- [PROBLEM DESCRIPTION]:
Produce one exact copy of the records, no pictures.

*** Opening MATERIAL PROVIDED ***

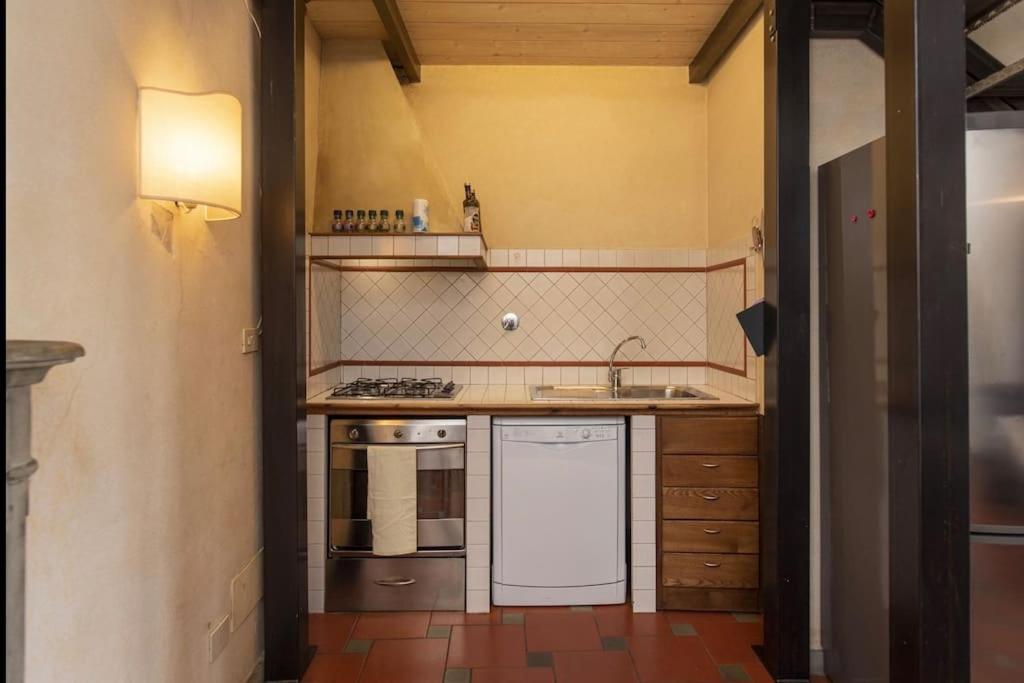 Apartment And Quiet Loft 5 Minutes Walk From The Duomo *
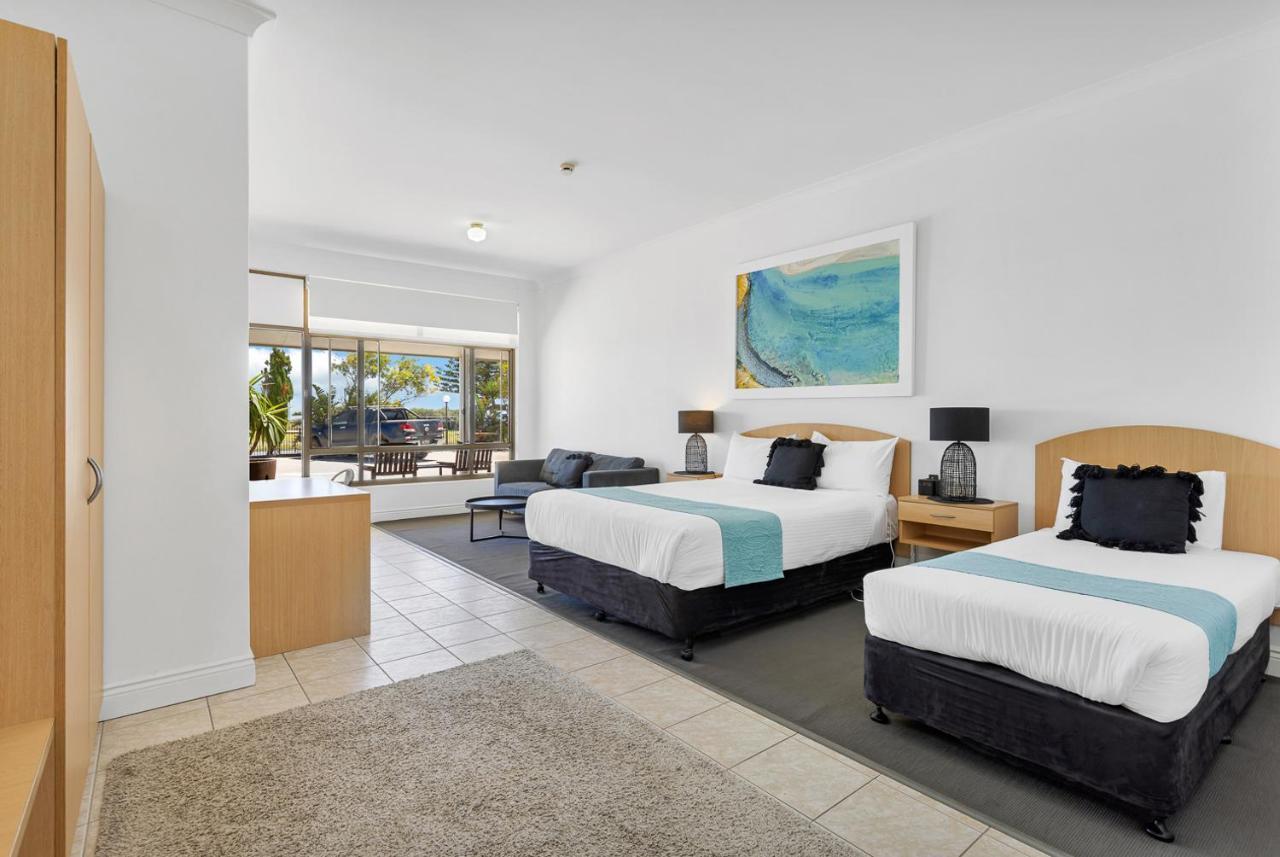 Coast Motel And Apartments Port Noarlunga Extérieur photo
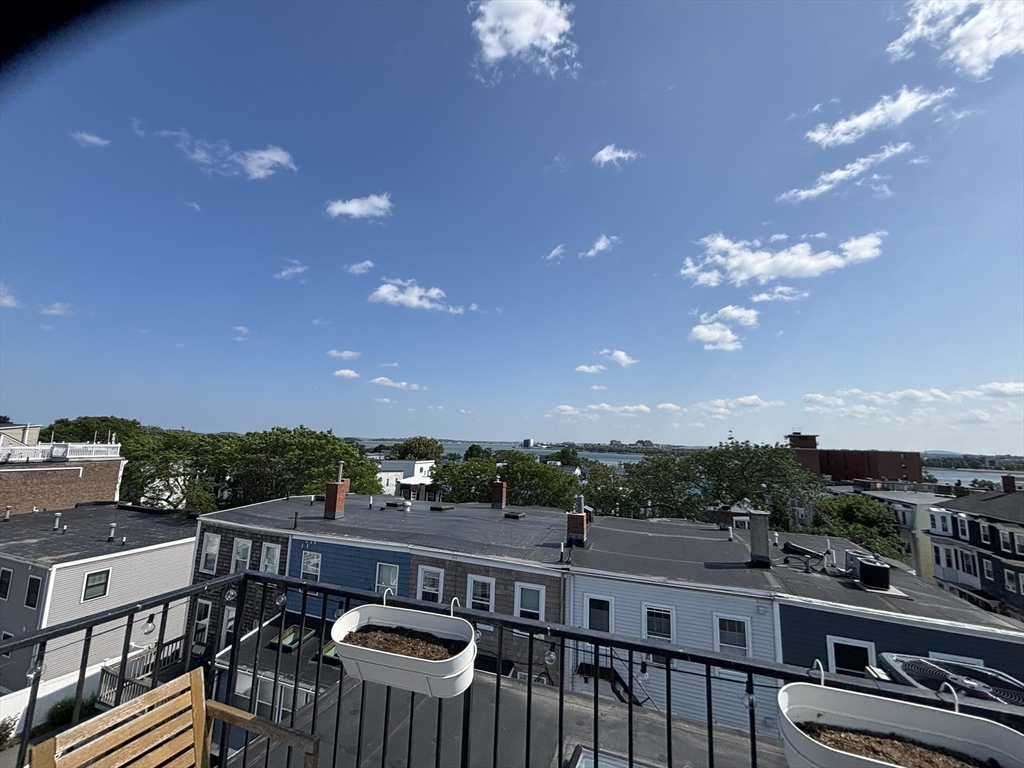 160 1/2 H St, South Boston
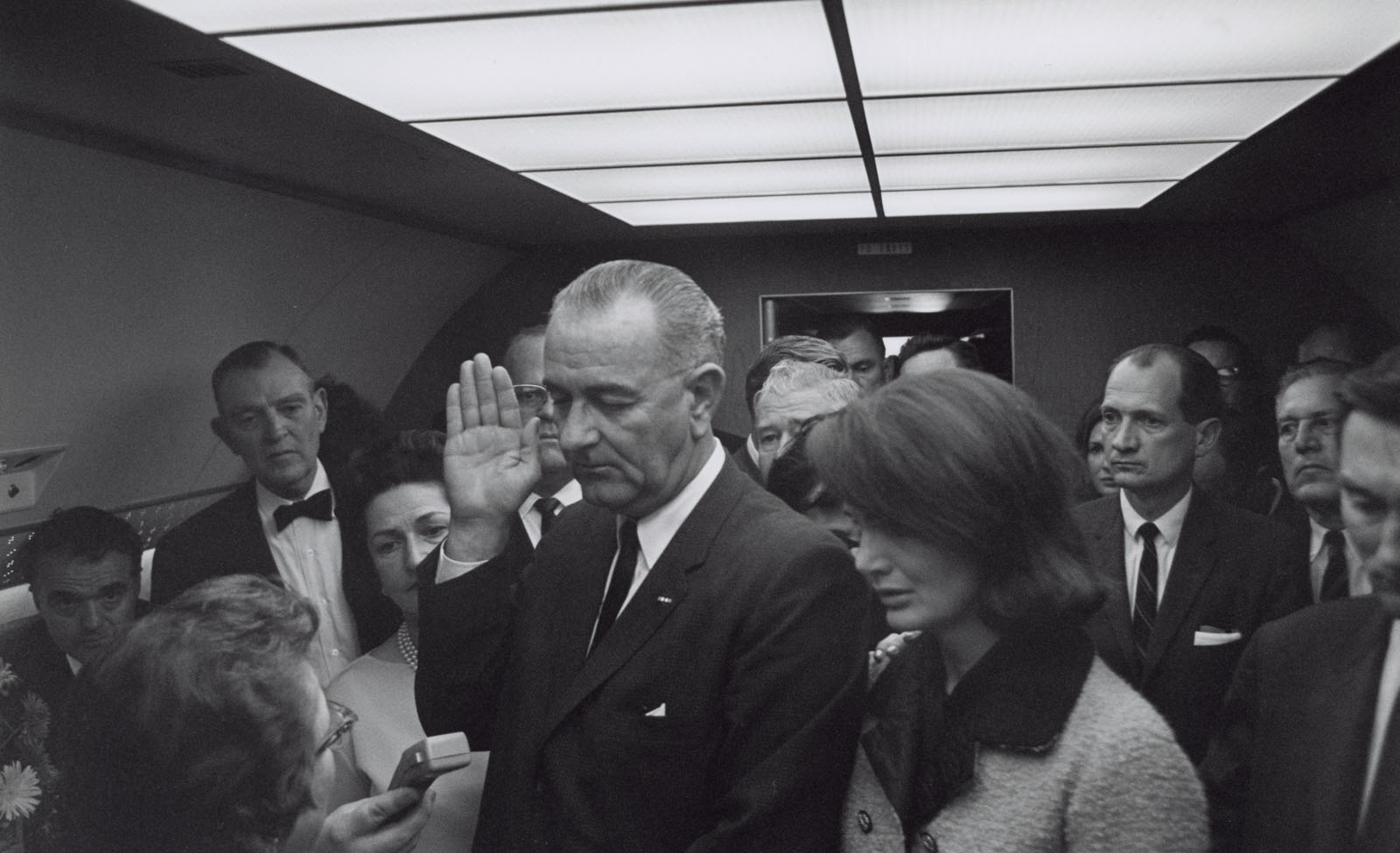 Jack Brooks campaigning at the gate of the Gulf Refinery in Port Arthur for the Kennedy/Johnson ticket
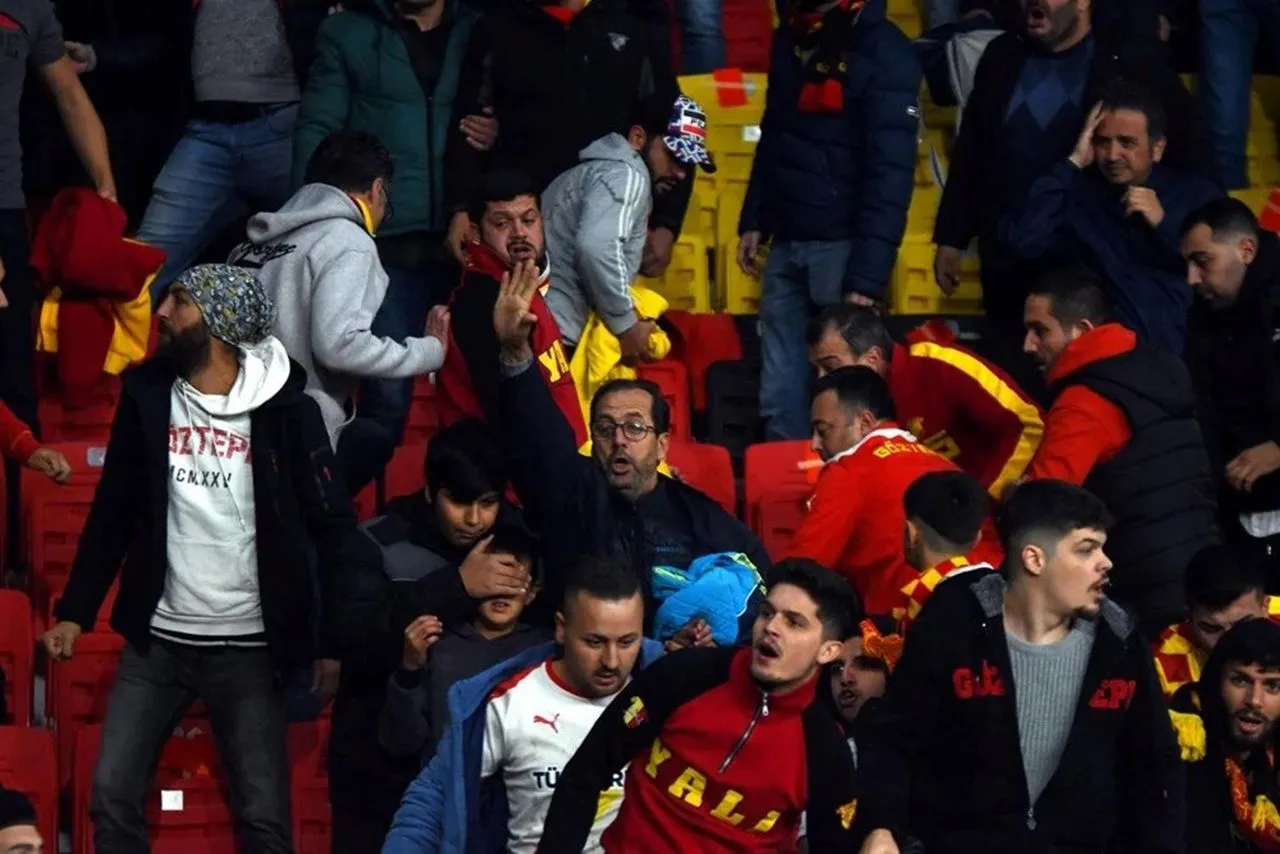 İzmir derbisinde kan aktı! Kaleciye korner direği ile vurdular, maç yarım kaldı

*** Closing MATERIAL PROVIDED ***

- [ANSWER TO THE EXERCISE]:
 Apartment And Quiet Loft 5 Minutes Walk From The Duomo *
 Coast Motel And Apartments Port Noarlunga Extérieur photo
 160 1/2 H St, South Boston
 Jack Brooks campaigning at the gate of the Gulf Refinery in Port Arthur for the Kennedy/Johnson ticket
 İzmir derbisinde kan aktı! Kaleciye korner direği ile vurdular, maç yarım kaldı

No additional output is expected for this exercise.